Why would natural selection allow a trait to exist which, untreated, kills the individual by midlife? The answer is simple: to survive until midlife, and thus, to reproduce.


[1] Moalem, Sharon, Maire E Percy, Theo Kruck, and Richard R Gelbart. “Epidemic Pathogenic Selection: An Explanation for Hereditary Hemochromatosis?” Medical Hypotheses, 59, no. 3 (2002): 325-29.

[2] “Hemochromatosis.” National Institute of Diabetes and Digestive and Kidney Diseases. 2014. Accessed November 22, 2014. hemochromatosis/.
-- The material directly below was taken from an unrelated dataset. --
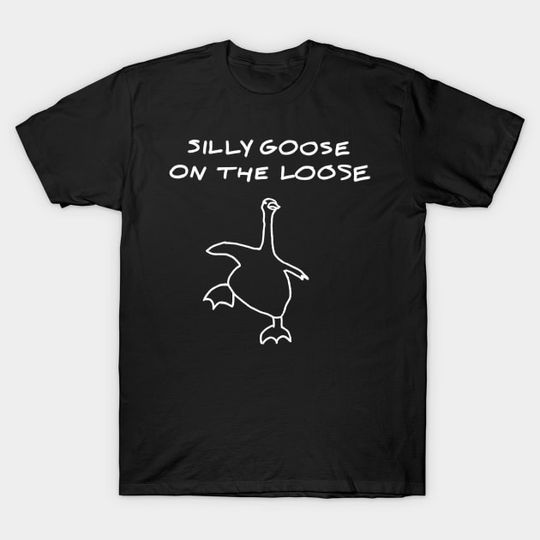 Discover Silly Goose On The Loose - Silly Goose On The Loose - T-Shirt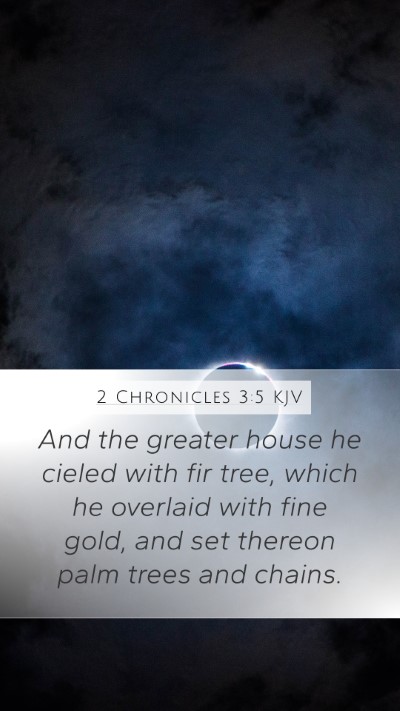 2 Chronicles 3:5 KJV Bible Verse Image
[3] Merryweather-Clarke, A., J. Pointon, K. Shearman, K. Robson. “Global Prevalence of Punitive Haemochromatosis Mutations.” Journal of Medical Genetics, 34, no. 4 (1997): 275-278.

[4] Weinberg, Eugene D. “Survival Advantage of the Hemochromatosis C282Y Mutation.” Perspectives in Biology and Medicine, 51, no. 1 (2008): 98-102.

[5] Beutler, E. “Iron Absorption in Carriers of the C282Y Hemochromatosis Mutation.” The American Journal of Clinical Nutrition, 80, no. 4 (2004): 799-800.

[6] Nairz, Manfred, Igor Theurl, Susanne Ludwiczek, Milan Theurl, Sabine M. Mair, Gernot Fritsche, and Günter Weiss. “The Co-ordinated Regulation of Iron Homeostasis in Murine Macrophages Limits the Availability of Iron for Intracellular.” Cellular Microbiology, 9, no. 9 (2007): 2126-140.

[7] Olakanmi, O., L. S. Schlesinger, and B. E. Britigan. “Hereditary Hemochromatosis Results in Decreased Iron Acquisition and Growth by Mycobacterium Tuberculosis within Human Macrophages.” Journal of Leukocyte Biology, 81, no. 1 (2006): 195-204.